Recorded data:
┌──

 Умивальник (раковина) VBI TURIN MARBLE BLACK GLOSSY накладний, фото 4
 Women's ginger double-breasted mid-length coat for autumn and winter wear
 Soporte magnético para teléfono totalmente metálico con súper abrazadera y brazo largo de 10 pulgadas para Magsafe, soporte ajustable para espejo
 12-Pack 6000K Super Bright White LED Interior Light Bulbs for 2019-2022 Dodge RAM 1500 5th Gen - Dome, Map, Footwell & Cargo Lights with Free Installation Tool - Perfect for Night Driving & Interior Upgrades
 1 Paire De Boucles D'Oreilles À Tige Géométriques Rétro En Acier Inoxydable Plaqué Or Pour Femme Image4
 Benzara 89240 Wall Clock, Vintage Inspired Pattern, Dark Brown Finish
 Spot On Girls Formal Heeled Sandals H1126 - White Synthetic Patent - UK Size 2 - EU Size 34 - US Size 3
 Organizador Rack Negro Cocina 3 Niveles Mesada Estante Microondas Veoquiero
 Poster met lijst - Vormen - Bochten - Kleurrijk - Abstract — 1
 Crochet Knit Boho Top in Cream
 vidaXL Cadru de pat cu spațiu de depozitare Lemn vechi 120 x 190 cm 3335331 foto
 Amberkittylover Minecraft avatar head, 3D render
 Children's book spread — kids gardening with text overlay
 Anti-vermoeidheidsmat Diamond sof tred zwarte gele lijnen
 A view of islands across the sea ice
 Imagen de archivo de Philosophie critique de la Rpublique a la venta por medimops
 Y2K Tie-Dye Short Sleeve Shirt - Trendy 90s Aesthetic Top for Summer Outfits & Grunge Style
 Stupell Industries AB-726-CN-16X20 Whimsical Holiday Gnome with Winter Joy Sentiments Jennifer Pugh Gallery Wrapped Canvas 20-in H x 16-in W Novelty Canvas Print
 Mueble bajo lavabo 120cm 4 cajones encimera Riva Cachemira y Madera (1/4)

└──

Your objective:
Copy each line above where the string "with" occurs.

Answer for this exercise:
 12-Pack 6000K Super Bright White LED Interior Light Bulbs for 2019-2022 Dodge RAM 1500 5th Gen - Dome, Map, Footwell & Cargo Lights with Free Installation Tool - Perfect for Night Driving & Interior Upgrades
 Children's book spread — kids gardening with text overlay
 Stupell Industries AB-726-CN-16X20 Whimsical Holiday Gnome with Winter Joy Sentiments Jennifer Pugh Gallery Wrapped Canvas 20-in H x 16-in W Novelty Canvas Print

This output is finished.